Regular flu and cold viruses have a strongly seasonal pattern of infectiousness in temperate regions such as the continental U.S. This seasonality is partly related to changing weather conditions and how easily the pathogens are transmitted, but it is also because of the number of susceptible hosts as people are made immune by past exposure. The same is not true of new viruses, such as the one that causes COVID-19, however.

“Pandemics happen out of season. And pandemic viruses have the whole world before them,” says Lipsitch, who explains that the advantage for novel viruses is that almost no one is immune to them. Seasonal viruses, on the other hand, operate on a thinner margin—meaning the majority of people have some immunity. So those pathogens are most successful when conditions for transmission are most favorable, which is usually winter.
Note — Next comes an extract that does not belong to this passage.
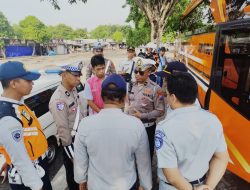 Tingkatkan Keselamatan Polres Gresik Bersama Jasa Raharja dan Dishub Gelar Ramp Check Bus Pariwisata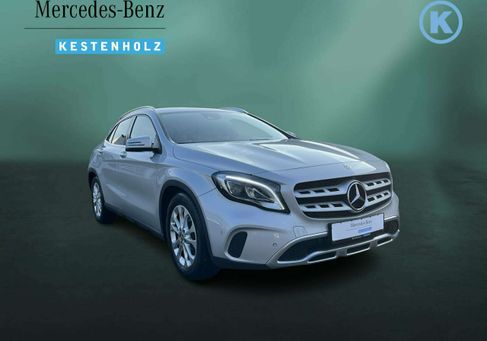 Mercedes-Benz GLA 250, 2017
With COVID-19, Lipsitch adds, “I think [it’s] more likely seasonal changes will modestly reduce the rate of transmission and maybe slow things down—but probably not to the point of making the number of cases [decrease but rather] go up more slowly.”

For now, a coordinated global effort among researchers, countries, and nongovernmental and international organizations is necessary to address the current pandemic itself while learning basic information about the virus and its spread dynamics. “In terms of having some sort of international response, we’re trying to build the airplane as we’re flying it,” Youde says.